Les Chroniques de l'Imaginaire

Camp Paradis - Nozière, Jean-Paul

Les éclopés de la vie n'ont que bien peu d'endroits où grandir. Ces enfants de la guerre, du malheur et de la souffrance n'ont que Camp Paradis où espérer équilibrer leur jeune vie et être heureux. Entre Ma et Pa, ils cicatrisent leurs blessures et se créent une famille. Camp Paradis est une véritable oasis de paix au milieu de ce monde devenant de plus en plus fou, où les ethnies s’entre-tuent au nom d'un président, d'un dieu, d'une monnaie...

Boris, Fatouma, Serge, Djodjo et Victoire sont les résidents permanents du Camp Paradis. Ce sont eux qui, au milieu de cette guerre civile qui ravage le pays, vont se débattre pour préserver leur famille. L'enfant soldat violée par des mercenaires, l'handicapé sensé porter malheur, l'esclave vendue par ses parents, le jeune garçon affamé fuyant la peste, et le fils du vendeur d'armes. C'est lui, le futur écrivain qui racontera l'histoire du Camp, qui racontera leur vie à tous.

"Cette histoire se déroule dans un pays imaginaire. Elle raconte des événements imaginaires. Evidemment." Sur ces mots d'une cruelle ironie s'ouvre ce livre. Ce pays imaginaire, cette réalité imaginaire n'est malheureusement que le reflet de bien des pays, en Afrique noire, en Asie, ou encore au Moyen Orient.

Le rythme du livre est plutôt calme, un peu décousu même parfois. Quelques bribes d'information tombent à certains moments du récit, et cela colle parfaitement au parti pris des notes d'auteur. Les personnages sont tous d'une imperfection qui les rend extrêmement attachants. Finalement, il n'est que le passé de Pa et de Ma que l'on ne connaisse quasiment pas. Le contraste entre la légèreté de la vie du camp et le passé des pensionnaires est saisissant, et il n'est pas sûr que cela rende les choses beaucoup plus acceptables, bien au contraire.

Et puis tout s'accélère et l'improbable se produit. Le Camp qui pendant tout ce temps a échappé aux misères du monde se trouve en plein cœur de la prochaine bataille.
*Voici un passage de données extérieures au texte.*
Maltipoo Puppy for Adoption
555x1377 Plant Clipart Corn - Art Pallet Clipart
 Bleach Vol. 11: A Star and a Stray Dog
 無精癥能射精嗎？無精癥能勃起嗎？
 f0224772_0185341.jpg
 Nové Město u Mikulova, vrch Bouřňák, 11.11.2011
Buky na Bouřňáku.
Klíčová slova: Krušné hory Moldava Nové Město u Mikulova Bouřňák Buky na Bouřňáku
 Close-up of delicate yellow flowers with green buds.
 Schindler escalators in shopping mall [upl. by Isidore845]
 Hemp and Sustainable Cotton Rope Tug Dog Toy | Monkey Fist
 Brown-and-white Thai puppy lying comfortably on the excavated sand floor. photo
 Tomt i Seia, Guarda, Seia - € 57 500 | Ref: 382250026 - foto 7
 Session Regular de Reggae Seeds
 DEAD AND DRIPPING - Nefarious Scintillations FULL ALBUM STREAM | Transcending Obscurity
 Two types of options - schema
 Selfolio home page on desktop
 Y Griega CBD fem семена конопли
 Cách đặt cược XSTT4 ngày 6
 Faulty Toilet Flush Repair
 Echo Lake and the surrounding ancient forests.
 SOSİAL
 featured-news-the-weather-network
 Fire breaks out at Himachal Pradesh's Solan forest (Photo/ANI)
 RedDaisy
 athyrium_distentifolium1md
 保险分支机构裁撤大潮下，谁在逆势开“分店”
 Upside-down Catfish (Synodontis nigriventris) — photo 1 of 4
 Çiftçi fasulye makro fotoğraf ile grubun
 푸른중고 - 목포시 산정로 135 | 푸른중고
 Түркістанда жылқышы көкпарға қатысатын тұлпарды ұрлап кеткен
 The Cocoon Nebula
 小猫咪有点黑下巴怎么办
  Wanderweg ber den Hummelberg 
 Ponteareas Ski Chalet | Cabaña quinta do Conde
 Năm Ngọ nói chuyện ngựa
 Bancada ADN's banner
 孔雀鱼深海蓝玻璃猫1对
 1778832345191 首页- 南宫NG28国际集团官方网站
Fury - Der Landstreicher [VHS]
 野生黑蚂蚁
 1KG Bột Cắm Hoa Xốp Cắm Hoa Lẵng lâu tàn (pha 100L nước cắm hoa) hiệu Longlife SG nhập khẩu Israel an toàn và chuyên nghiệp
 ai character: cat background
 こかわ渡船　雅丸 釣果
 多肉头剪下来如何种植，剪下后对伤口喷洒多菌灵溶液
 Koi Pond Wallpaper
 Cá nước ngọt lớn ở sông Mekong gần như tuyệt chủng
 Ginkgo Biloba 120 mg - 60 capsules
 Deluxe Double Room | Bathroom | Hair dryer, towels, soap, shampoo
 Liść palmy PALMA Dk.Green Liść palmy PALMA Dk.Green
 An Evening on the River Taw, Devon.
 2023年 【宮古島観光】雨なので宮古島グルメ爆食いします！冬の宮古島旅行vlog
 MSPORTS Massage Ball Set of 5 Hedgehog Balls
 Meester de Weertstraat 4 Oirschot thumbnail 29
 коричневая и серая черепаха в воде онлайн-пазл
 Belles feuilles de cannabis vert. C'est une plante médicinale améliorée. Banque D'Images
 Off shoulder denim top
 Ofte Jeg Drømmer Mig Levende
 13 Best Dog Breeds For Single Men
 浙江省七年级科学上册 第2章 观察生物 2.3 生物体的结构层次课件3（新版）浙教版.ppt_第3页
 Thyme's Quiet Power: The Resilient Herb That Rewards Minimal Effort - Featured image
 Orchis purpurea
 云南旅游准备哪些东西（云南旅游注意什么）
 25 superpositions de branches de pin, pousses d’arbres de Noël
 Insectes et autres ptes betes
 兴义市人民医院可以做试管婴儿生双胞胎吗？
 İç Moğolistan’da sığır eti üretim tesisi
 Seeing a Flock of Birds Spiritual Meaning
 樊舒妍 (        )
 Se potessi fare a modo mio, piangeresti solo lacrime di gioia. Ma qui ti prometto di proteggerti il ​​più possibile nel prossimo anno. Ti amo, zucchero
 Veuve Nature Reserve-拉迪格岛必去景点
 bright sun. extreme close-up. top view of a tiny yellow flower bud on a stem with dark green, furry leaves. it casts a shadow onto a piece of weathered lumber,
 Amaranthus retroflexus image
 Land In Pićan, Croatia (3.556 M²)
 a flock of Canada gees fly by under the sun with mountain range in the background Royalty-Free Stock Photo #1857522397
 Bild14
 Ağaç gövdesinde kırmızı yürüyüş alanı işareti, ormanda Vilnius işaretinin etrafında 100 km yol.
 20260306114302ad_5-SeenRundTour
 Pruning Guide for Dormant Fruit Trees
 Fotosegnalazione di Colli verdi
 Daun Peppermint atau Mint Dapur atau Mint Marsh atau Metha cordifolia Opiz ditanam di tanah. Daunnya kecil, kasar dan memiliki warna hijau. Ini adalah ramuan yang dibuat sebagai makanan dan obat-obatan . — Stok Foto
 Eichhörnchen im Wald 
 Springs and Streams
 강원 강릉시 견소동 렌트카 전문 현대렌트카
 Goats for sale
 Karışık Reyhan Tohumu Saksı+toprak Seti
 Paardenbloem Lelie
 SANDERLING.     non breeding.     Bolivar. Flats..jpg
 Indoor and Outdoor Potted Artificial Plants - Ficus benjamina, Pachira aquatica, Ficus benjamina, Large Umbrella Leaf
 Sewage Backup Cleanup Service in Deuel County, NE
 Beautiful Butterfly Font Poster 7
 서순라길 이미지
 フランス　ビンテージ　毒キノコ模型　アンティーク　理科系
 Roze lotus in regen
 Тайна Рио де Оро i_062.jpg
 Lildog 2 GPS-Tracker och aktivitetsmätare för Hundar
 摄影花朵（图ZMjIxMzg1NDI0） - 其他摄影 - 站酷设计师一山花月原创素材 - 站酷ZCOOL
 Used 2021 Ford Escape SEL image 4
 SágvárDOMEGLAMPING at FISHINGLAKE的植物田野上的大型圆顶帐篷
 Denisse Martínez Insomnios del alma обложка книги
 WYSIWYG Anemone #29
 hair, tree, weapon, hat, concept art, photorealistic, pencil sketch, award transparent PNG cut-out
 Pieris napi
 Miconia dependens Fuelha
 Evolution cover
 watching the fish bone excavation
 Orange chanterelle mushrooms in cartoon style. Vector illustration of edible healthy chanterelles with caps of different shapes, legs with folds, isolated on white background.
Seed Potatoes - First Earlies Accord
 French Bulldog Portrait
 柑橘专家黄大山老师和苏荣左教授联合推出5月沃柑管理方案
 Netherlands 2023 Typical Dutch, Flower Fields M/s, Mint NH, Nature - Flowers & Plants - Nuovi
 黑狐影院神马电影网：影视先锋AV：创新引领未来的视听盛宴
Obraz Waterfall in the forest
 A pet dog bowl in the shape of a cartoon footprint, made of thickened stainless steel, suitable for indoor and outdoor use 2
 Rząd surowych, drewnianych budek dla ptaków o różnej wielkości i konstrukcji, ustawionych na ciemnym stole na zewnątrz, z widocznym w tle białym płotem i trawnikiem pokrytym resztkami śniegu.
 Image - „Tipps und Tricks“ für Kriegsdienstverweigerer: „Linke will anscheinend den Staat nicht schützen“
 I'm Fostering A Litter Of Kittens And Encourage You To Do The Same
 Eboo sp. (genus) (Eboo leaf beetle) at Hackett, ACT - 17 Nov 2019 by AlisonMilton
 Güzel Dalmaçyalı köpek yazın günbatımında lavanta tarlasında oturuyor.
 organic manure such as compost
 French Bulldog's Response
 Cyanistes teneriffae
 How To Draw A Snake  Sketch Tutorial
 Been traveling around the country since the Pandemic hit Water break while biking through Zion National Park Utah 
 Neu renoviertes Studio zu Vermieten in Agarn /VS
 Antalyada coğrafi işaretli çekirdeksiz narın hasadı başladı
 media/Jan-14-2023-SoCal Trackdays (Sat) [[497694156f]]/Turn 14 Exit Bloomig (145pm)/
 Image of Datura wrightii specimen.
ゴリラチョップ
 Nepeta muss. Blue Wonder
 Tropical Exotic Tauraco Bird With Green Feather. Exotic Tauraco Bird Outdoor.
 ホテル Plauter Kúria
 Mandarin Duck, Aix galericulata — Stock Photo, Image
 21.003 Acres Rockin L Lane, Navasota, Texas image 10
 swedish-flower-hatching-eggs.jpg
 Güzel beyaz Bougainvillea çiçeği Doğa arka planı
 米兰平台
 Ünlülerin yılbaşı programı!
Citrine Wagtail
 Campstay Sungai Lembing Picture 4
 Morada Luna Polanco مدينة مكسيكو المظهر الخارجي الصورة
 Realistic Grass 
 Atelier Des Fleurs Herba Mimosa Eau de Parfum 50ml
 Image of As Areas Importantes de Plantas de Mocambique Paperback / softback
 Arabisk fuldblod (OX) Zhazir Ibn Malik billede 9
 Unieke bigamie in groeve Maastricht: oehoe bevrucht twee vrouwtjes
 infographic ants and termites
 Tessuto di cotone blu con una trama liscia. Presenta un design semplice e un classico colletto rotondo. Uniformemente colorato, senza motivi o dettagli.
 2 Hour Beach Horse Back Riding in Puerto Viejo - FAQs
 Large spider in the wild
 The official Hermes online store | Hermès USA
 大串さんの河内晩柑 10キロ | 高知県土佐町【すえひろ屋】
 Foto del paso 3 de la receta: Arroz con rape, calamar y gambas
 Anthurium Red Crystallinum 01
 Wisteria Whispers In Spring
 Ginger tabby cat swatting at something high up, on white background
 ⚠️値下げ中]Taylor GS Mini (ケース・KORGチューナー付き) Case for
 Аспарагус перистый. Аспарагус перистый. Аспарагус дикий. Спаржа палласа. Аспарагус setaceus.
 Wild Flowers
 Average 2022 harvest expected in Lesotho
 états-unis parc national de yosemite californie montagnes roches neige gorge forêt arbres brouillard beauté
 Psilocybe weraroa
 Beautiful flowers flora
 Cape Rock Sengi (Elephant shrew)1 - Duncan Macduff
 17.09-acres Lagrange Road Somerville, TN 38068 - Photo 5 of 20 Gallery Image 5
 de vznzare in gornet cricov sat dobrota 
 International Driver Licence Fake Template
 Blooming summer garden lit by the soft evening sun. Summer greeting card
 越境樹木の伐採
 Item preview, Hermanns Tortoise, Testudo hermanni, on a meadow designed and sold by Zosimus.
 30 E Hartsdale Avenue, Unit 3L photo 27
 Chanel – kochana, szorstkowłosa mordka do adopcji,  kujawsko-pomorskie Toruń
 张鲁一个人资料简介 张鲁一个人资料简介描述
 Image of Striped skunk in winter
Cette fin rocambolesque convient finalement parfaitement au reste de l'ouvrage, livré sur le vif des souvenirs et des notes de Boris.

Ce roman est réellement poignant, il livre une émotion brute, comme si cette histoire imaginaire n'était que le récit d'une guerre réelle, dans toutes ses atroces habitudes. A partir de douze ans, à lire, à transmettre cette mémoire qui n'est pour beaucoup pas si imaginaire que ça.